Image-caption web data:

────────

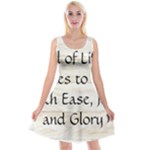 All of Life Come to Me with Ease Joy And Glory 1 Reversible Velvet Sleeveless Dress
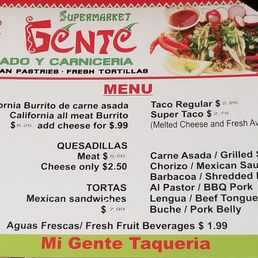 Current menu until the restaurant opens Current menu until the restaurant opens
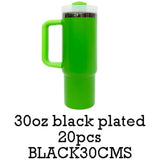 Presale USA_30oz Grinch Green Black Mirror underneath H2.0 Powder Coat Tumblers 20pcs _USPNY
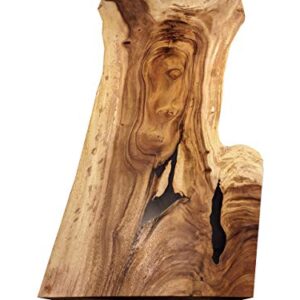 Solid Wood Live Edge Farmhouse Table 79″ x 26.5″-40.5″ x 3″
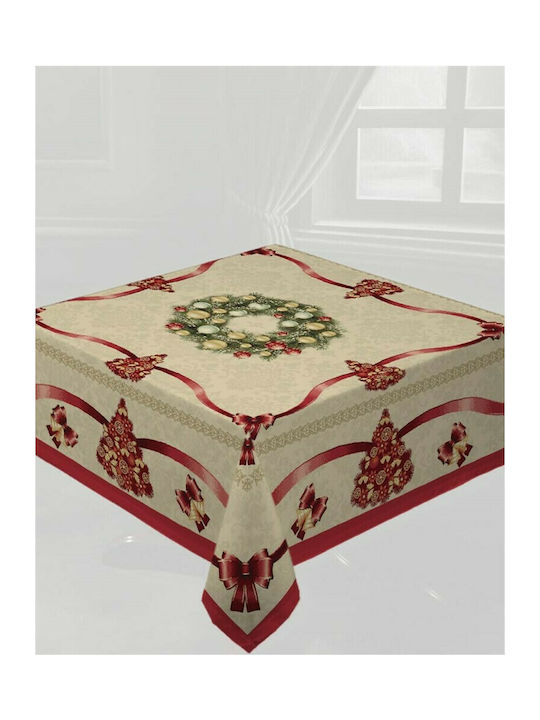 Christmas Tablecloth Felicity 140x180cm Vassiliadιs Bros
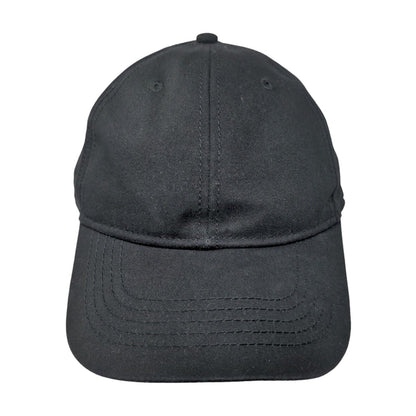 Unbranded Slideback Hat Black One Size Adjustable Vented Holes 6 Panel Blank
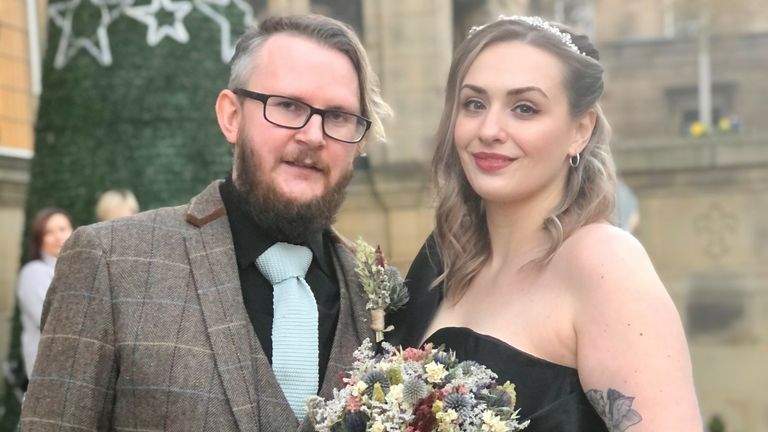 Darren and Paige Phillips brought their wedding forward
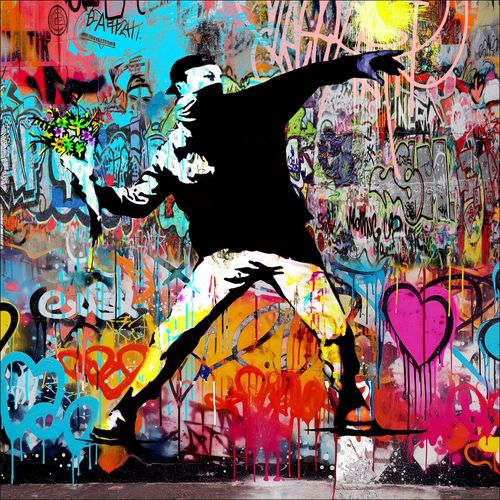 4019449520082 - Glasbild GRAFFITI PROTEST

────────

Task description: Please give the data again in full, exactly as written, but without any images.

Task result:
 All of Life Come to Me with Ease Joy And Glory 1 Reversible Velvet Sleeveless Dress
 Current menu until the restaurant opens Current menu until the restaurant opens
 Presale USA_30oz Grinch Green Black Mirror underneath H2.0 Powder Coat Tumblers 20pcs _USPNY
 Solid Wood Live Edge Farmhouse Table 79″ x 26.5″-40.5″ x 3″
 Christmas Tablecloth Felicity 140x180cm Vassiliadιs Bros
 Unbranded Slideback Hat Black One Size Adjustable Vented Holes 6 Panel Blank
 Darren and Paige Phillips brought their wedding forward
 4019449520082 - Glasbild GRAFFITI PROTEST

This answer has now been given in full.